Caroll Spinney was the man inside the Big Bird costume. He played the character from its first season in 1969 through 2018. He appeared as Big Bird on The Ed Sullivan Show in 1969. He acted as Big Bird on the game show Hollywood Squares. He soared to the big screen in the 1985 film Sesame Street Presents Follow That Bird.
That was not his only contribution to our collective childhood memories. Spinney also performed Oscar the Grouch on Sesame Street from the very beginning, using a more traditional manual puppeteering technique.
The puppeteer had to become ambidextrous in the first season of Sesame Street. Spinney was right-handed, but due to the set up of Oscar's trash can on the curb in those early episodes, he was forced to perform the Grouch with his left hand. In subsequent seasons, the set was reconfigured to better accommodate the performer.
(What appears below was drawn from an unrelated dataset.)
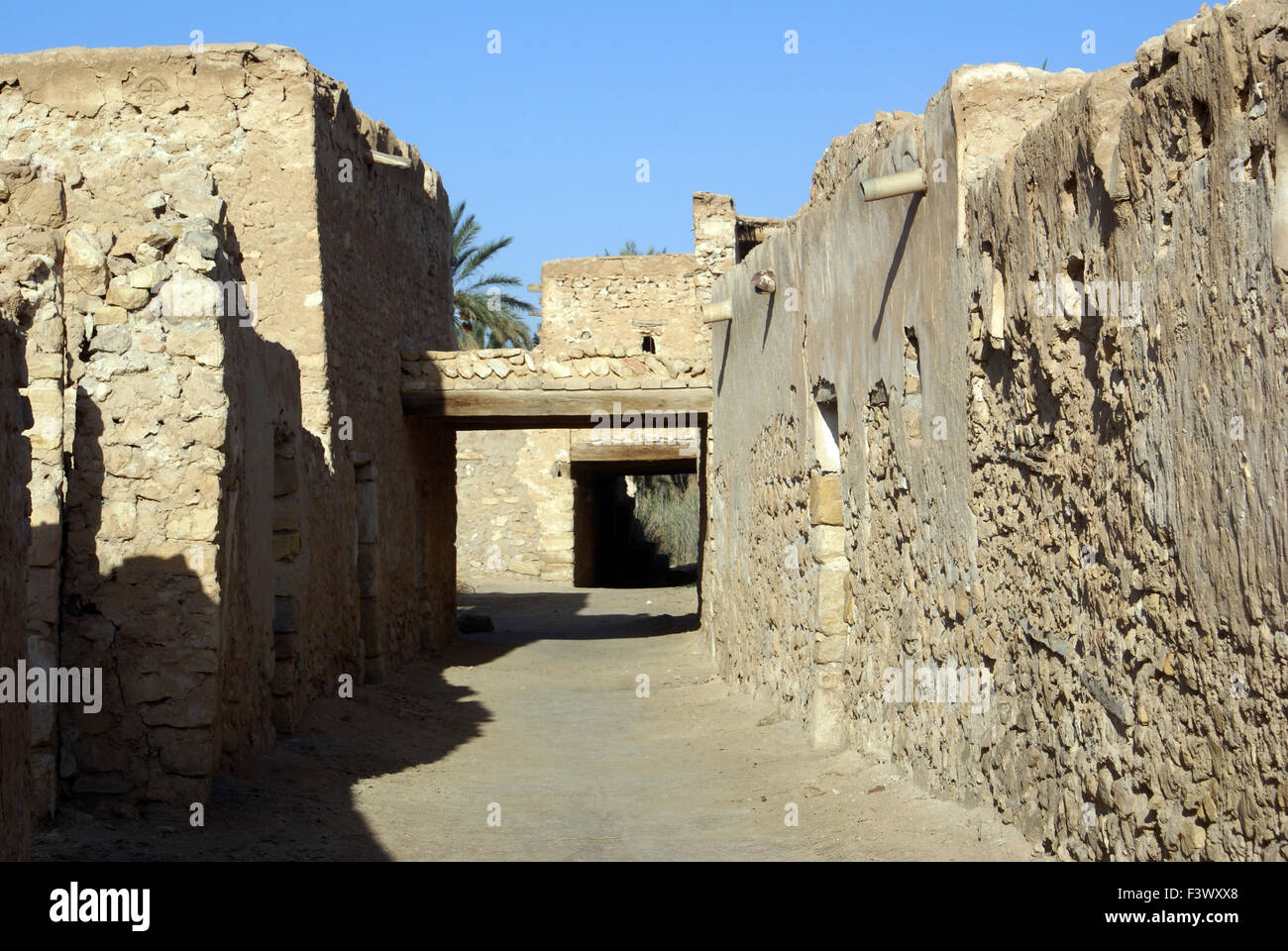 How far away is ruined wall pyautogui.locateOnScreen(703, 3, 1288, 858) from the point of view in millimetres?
3221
Spinney portrayed Oscar until 2015.
His mother named him Caroll because he was born the day after Christmas. A few years later, his mom gifted him a Punch and Judy puppet theater for Christmas, sparking a love of puppeteering that would last a lifetime.
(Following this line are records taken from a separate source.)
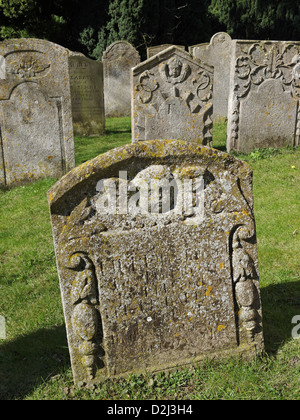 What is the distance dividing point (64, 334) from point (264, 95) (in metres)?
6.08

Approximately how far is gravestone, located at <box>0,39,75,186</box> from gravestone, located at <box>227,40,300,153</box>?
313 centimetres

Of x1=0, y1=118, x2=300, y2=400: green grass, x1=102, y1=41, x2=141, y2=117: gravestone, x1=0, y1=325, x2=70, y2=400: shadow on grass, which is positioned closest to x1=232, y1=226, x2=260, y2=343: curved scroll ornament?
x1=0, y1=118, x2=300, y2=400: green grass

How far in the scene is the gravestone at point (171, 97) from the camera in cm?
690

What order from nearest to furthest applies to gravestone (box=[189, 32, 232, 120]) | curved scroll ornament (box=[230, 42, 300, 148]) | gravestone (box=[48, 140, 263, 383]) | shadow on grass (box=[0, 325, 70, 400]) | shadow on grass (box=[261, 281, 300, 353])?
gravestone (box=[48, 140, 263, 383]) → shadow on grass (box=[0, 325, 70, 400]) → shadow on grass (box=[261, 281, 300, 353]) → curved scroll ornament (box=[230, 42, 300, 148]) → gravestone (box=[189, 32, 232, 120])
Spinney honed his craft as Goggle in The Judy and Goggle Show during the late 1950s. In the early 1960s, he appeared as various characters (Kookie the Boxing Kangaroo, Mr. Lion) on Bozo's Big Top, the Boston iteration of the popular clown show.
In 1962, Spinney met Henson at a puppeteering festival. The friendship and creative partnership would last a lifetime. Spinney won five Daytime Emmy Awards for his work on Sesame Street and earned a lifetime achievement award from the National Academy of Television Arts & Sciences in 2006. At Henson's funeral in 1990, Spinney performed as Big Bird, singing the signature Kermit the Frog song "Bein' Green."
Spinney was also responsible for working a clever M*A*S*H reference into Sesame Street, which was born from meeting Gary Burghoff on the set of Hollywood Squares.
On Sunday, December 8, Spinney passed away, according to The Hollywood Reporter. He was 85.